Once you try this recipe you will want to make this on rotation. It's an easy, throw-everything-in-one-pan recipe and you will have a delicious meal the whole family will love.
I am a huge fan of Asian-inspired dishes especially when I don't have to worry about the carbs and sweet sugary sauces. You don't need any rice for these keto chicken lettuce wraps but you will need your appetite because I doubt you can have just one.
Why you'll love keto PF Changs chicken lettuce wraps?
- Super easy to make with just one pan and lettuce leaves as the vessel.
- It's keto, low carb and diabetic friendly with only 4 total carbs per chicken lettuce wrap.
- The whole family will love them and you can add more spice to it after the kids are served.
- Super tasty and customizable ingredients, use beef, turkey, pork or even tofu instead of chicken.
- Great for meal prep, save the chicken in an airtight container and take it to go. Simply microwave and serve on lettuce wraps.
Other Asian-inspired recipes you might enjoy
- Low Carb Asian BBQ Brussel Sprouts
- Keto Bourbon Chicken
- Low Carb Hoisin Beef Bowl
- Vegetable Stir Fry
- Keto Beef and Broccoli
Main ingredients used
You will likely have most of these ingredients in your pantry except the water chestnuts which are definitely a must in this recipe.
- Ground Chicken: if you want to stay true to the recipe make it with ground chicken but other ground meats can be swapped like ground beef, turkey or pork.
- Low Carb Hoisin Sauce: ok this is not really a secret sauce, in fact, it's a simple recipe on the blog you can find here.
- Sesame Oil: adds a nutty, toasty flavorful aroma to this recipe.
- Rice Wine Vinegar: adds a little bit of sweetness and acidity to these keto lettuce wraps.
- Soy Sauce: giving these low carb lettuce wraps more color and depth of flavor.

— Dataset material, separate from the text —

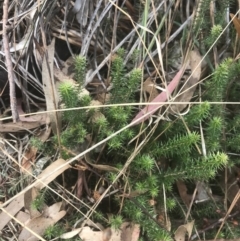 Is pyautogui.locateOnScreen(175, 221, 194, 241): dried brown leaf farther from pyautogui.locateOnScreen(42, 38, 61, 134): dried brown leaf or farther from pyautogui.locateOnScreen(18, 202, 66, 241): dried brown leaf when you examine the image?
pyautogui.locateOnScreen(42, 38, 61, 134): dried brown leaf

- Garlic, Ginger and Onion
- Water Chestnuts: canned water chestnuts in water were used for this recipe.
- Boston Lettuce also called Butter Lettuce
See the recipe card for quantities and a complete list of ingredients.
Steps by step instructions
How to make keto chicken lettuce wraps?
Before you get started you will want to make this Low Carb Hoisin Sauce recipe.
STEP 1: Using a skillet over medium heat, add the oil and once warm add the ground chicken. Once browned add the onions and cook until softened.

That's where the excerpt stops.